Quels médicaments sont les plus à risque de provoquer une constipation ?
Les opioïdes (morphine, oxycodone, codeine) sont les plus fréquents, avec jusqu’à 60 % de risque. Viennent ensuite les anticholinergiques (diphenhydramine, certains antidépresseurs tricycliques), les bloqueurs calciques (vérapamil, diltiazem), les diurétiques (furosémide, hydrochlorothiazide) et les suppléments de fer. Les antipsychotiques comme la clozapine sont aussi très problématiques, avec un ralentissement du transit de 25 à 35 %.
Faut-il arrêter le médicament si je suis constipé ?

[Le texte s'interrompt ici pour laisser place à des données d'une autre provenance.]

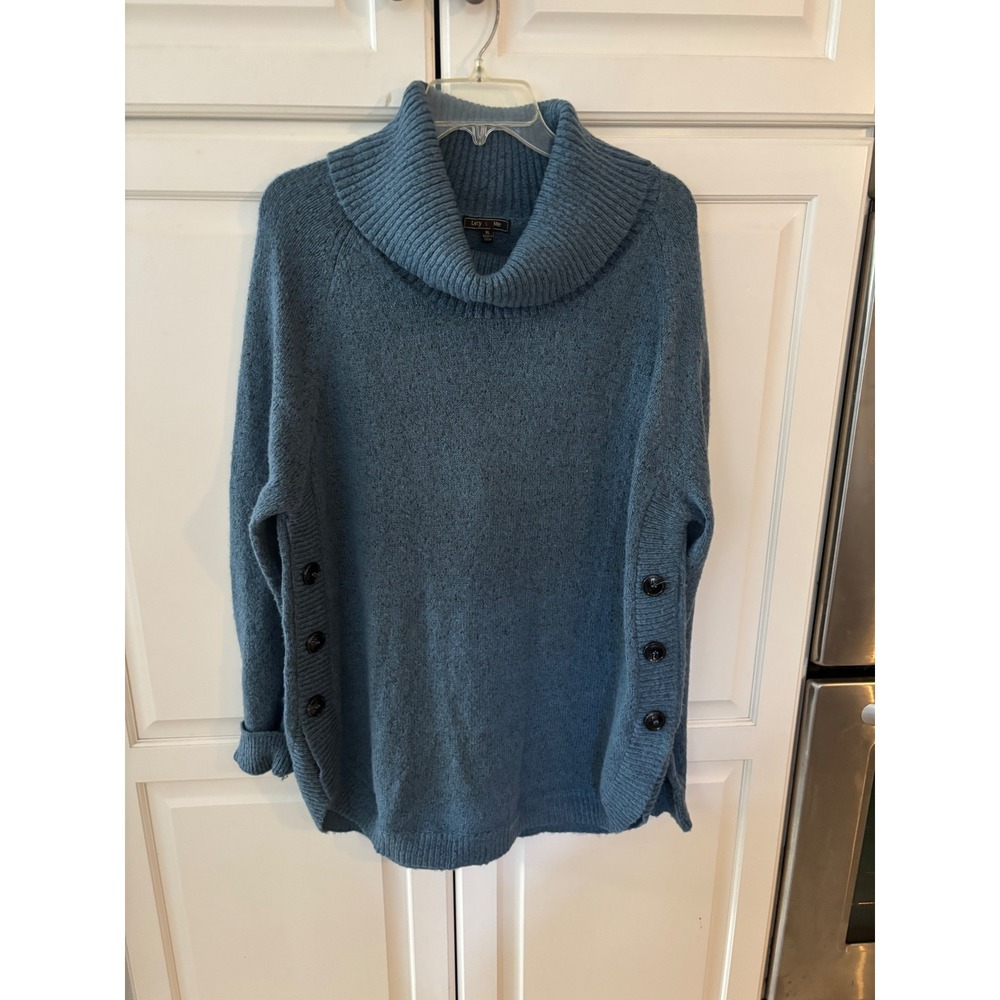 Lety Me Womens XL‎ Blue Cowl Neck Button Detail Knit Sweater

Non. Arrêter un médicament prescrit peut être dangereux. L’objectif n’est pas d’arrêter le traitement, mais de gérer son effet secondaire. Des solutions existent : laxatifs adaptés, changement de molécule (ex : remplacer la diphenhydramine par la loratadine), ou traitements spécifiques comme le Relistor. Parlez à votre médecin - il existe toujours une solution pour continuer le traitement tout en évitant la constipation.

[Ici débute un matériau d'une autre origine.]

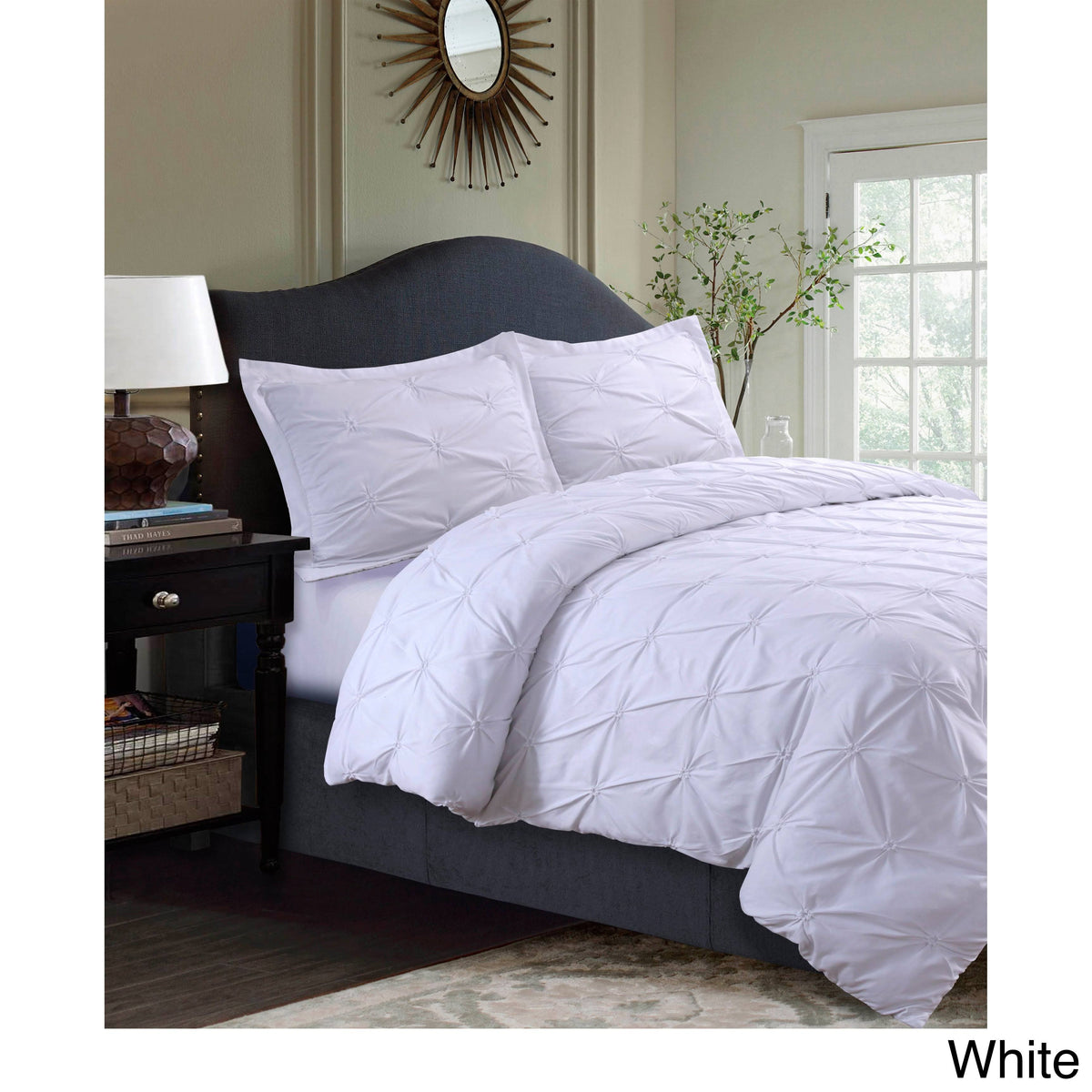 King White Microfiber Oversized Duvet Cover Set J378598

Combien de temps faut-il pour que les laxatifs agissent ?
Cela dépend du type. Les laxatifs osmotiques comme le PEG prennent 1 à 3 jours. Les stimulants comme le séné agissent en 6 à 12 heures. Les PAMORAs, comme le méthylnaltrexone, agissent en 4 à 6 heures - c’est le plus rapide. Pour les patients sous opioïdes, les PAMORAs sont souvent la meilleure option si la constipation est sévère ou chronique.

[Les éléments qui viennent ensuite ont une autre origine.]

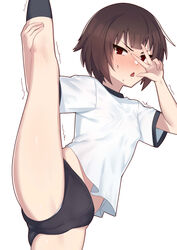  alternate_costume arms_up black_buruma black_socks breasts brown_hair buruma female gym_shirt highres kneehighs kono_subarashii_sekai_ni_bakuen_wo! kono_subarashii_sekai_ni_shukufuku_wo! looking_at_viewer megumin midriff_peek miga_(migao) panties panty_peek red_eyes shirt short_hair short_sleeves small_breasts socks solo split standing standing_on_one_leg standing_split trembling underwear v white_background white_panties white_shirt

Les fibres aident-elles contre la constipation médicamenteuse ?
Pas vraiment, et parfois elles aggravent le problème. Les fibres solubles (psyllium) ajoutent du volume sans stimuler les contractions intestinales. Si les intestins sont déjà ralentis par un médicament, ça peut créer un blocage. Les fibres insolubles (son, légumes) en petite quantité peuvent aider, mais elles ne suffisent jamais seules. Elles doivent être combinées à un laxatif adapté. Selon GoodRx, 20 à 30 % des patients sous opioïdes voient leur constipation empirer avec les fibres.
Est-ce que la constipation médicamenteuse est permanente ?
Non. Elle disparaît généralement si le médicament est arrêté. Mais si vous devez le prendre longtemps (comme pour la douleur chronique ou la schizophrénie), la constipation peut devenir chronique - sans traitement adapté. Heureusement, les options de gestion sont maintenant bien établies. Avec le bon plan, vous pouvez vivre normalement sans constipation, même sous opioïdes ou antipsychotiques.
Nadine Porter
novembre 20, 2025J'ai passé des mois à me dire que c'était normal d'être constipé sous oxycodone. J'ai lu cet article en pleurant. Personne ne m'avait jamais dit que c'était une réaction pharmacologique, pas une faiblesse. J'ai commencé le PEG hier. J'ai déjà eu une selle hier soir. Je ne savais pas que c'était possible.